It seems that when I read gzipped data, I have "something more" in the stream
than when the input is first decompressed outside of nim. I noticed this
because I found data corresponding to an extra empty `Fastq` in my output when
dealing with gzipped input. I tried to confirm this by inserting assertions:
proc fastqParser(stream: Stream): iterator(): Fastq =
result = iterator(): Fastq =
var
nameLine: string
nucLine: string
quaLine: string
while not stream.atEnd():
# while not input.endOfFile:
nameLine = stream.readLine()
#TODO: Why is there an extra empty Fastq when reading gzipped input?
doAssert(not stream.atEnd(), "stream ended after nameLine: " &
nameLine)
nucLine = stream.readLine()
doAssert(not stream.atEnd(), "stream ended after nucLine: " & nucLine)
discard stream.readLine()
doAssert(not stream.atEnd(), "stream ended after quaLine: " & quaLine)
quaLine = stream.readLine()
yield makeFastq(nameLine, nucLine, quaLine)
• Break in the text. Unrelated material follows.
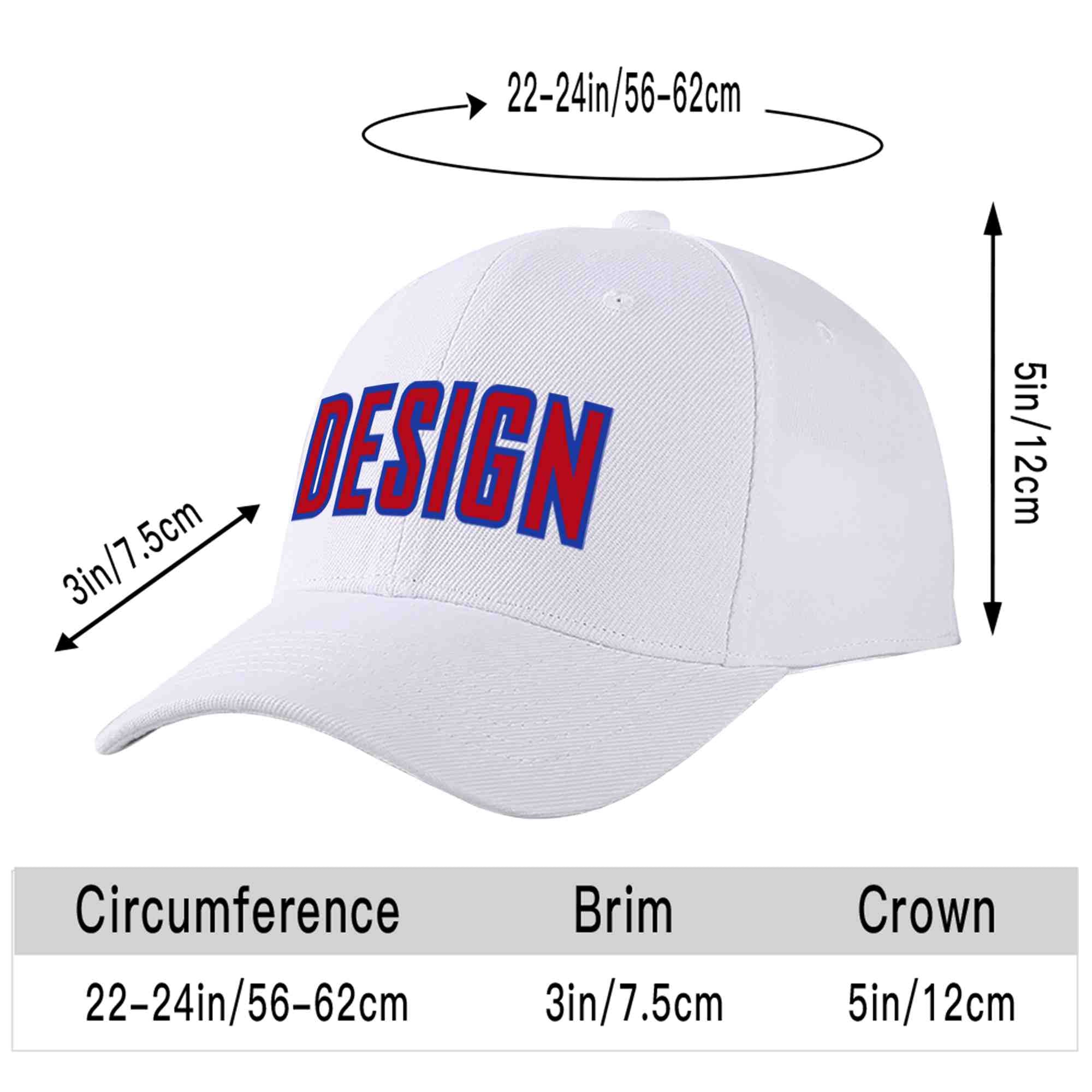 Custom White Red-Royal Curved Eaves Sport Design Baseball Cap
This results in `Error: unhandled exception: not atEnd(stream) stream ended
after nameLine: [AssertionError]`, both when reading from stdin and when
reading from a command-line given file.
The python version doesn't generate one extra empty `Fastq`, but maybe the
gzipped data is still responsible for the problem, and the gzip reading
capability of python is more robust.